The stories in that volume and the Kurtzman stories I discovered later brandished satire like a monkey-wrench: a wrench to throw amongst pop culture's gears or else employed to wrench all our perceptions just a quarter-twist towards the left, no icon left unturned. King Kong and Tarzan, Sherlock Holmes and Superman were rendered naked and absurd by the device of draping them with realistic failings and then setting them against a gross yet realistic world where Wonder Woman marries her romantic interest and ends up shackled to a stove, hemmed in by hyperactive kids. Where all the slapstick violence Maggie dishes out to Jiggs results in ugly bruises, blood-stained collars and the bleak depressions of a battered spouse.

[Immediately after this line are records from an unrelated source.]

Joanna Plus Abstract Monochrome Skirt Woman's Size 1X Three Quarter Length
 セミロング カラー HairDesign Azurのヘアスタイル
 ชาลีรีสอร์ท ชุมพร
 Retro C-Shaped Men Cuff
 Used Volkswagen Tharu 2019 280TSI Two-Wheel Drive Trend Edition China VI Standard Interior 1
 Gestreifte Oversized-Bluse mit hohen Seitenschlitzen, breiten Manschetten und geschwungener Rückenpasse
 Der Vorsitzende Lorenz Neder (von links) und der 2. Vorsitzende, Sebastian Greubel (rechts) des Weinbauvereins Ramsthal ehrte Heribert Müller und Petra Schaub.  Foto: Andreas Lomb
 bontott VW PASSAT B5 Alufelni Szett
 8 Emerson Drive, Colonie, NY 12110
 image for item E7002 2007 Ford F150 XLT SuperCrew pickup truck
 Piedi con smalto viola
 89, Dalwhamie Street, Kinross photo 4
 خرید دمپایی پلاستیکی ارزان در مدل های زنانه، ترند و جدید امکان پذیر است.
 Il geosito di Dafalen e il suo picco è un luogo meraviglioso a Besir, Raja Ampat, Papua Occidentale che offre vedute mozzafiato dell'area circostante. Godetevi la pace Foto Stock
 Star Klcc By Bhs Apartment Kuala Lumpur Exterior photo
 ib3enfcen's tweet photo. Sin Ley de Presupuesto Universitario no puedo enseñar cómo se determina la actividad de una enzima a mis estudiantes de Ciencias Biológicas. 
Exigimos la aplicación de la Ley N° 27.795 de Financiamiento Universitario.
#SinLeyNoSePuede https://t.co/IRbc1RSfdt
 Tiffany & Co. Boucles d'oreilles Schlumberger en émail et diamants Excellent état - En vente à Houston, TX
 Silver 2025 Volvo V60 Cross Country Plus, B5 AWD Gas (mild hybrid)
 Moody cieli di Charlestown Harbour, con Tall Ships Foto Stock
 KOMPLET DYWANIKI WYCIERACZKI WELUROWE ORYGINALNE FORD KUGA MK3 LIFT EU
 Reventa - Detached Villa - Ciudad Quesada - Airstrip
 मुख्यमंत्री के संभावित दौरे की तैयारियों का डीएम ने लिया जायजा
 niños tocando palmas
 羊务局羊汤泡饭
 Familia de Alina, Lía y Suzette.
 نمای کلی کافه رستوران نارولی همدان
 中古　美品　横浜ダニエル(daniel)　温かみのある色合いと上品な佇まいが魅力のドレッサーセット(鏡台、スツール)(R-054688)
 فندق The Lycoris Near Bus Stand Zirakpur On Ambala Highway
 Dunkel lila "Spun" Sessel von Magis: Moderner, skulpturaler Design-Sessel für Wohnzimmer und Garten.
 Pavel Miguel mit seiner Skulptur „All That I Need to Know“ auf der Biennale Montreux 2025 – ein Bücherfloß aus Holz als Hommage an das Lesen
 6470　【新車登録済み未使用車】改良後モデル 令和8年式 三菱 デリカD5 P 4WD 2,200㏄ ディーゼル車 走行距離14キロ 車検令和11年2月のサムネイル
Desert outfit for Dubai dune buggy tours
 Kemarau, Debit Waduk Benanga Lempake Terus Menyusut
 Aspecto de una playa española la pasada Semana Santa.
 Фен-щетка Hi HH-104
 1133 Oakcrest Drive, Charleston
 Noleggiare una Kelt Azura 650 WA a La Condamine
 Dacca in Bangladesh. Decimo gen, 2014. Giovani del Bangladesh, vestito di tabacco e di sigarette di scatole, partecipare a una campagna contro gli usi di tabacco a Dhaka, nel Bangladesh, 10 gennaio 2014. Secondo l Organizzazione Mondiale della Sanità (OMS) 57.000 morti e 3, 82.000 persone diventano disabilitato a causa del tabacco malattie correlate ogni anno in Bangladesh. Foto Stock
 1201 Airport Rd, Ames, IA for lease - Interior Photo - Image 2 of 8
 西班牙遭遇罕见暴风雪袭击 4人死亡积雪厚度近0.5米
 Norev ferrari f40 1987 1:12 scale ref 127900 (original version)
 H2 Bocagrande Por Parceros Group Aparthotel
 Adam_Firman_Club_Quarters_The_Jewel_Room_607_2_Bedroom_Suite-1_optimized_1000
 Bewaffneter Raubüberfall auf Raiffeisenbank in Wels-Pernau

The first time I met Harvey Kurtzman, it was in peculiar and somewhat inauspicious circumstances, over a hotel breakfast in San Diego. Julie Schwartz, aware of my admiration for Harvey's work, had decided to drag me over to the table that Kurtzman was sharing with Jack Davis and make introductions, which effectively made me feel like an awkward, party-crashing nerd from the very outset. Added to this, Harvey was still apparently nursing some obscure minor grievance of possibly pre-war origins against Schwartz, which he vented by pretending to mistake Julie for Robert Kanigher. Brief and largely bewildered introductions were made, and I returned to my orange juice and eggs.

The next time I met Harvey, it was halfway through what was, for personal reasons, probably the lousiest week of my life to date. As a confirmed stick-at-home, I was in France. As a certified convention-hater, I found myself attending the Grenoble comic convention. Beyond this, I was in the middle of a complex and painful relationship-breakdown and I felt wretched, a bone-marrow misery that went on for months.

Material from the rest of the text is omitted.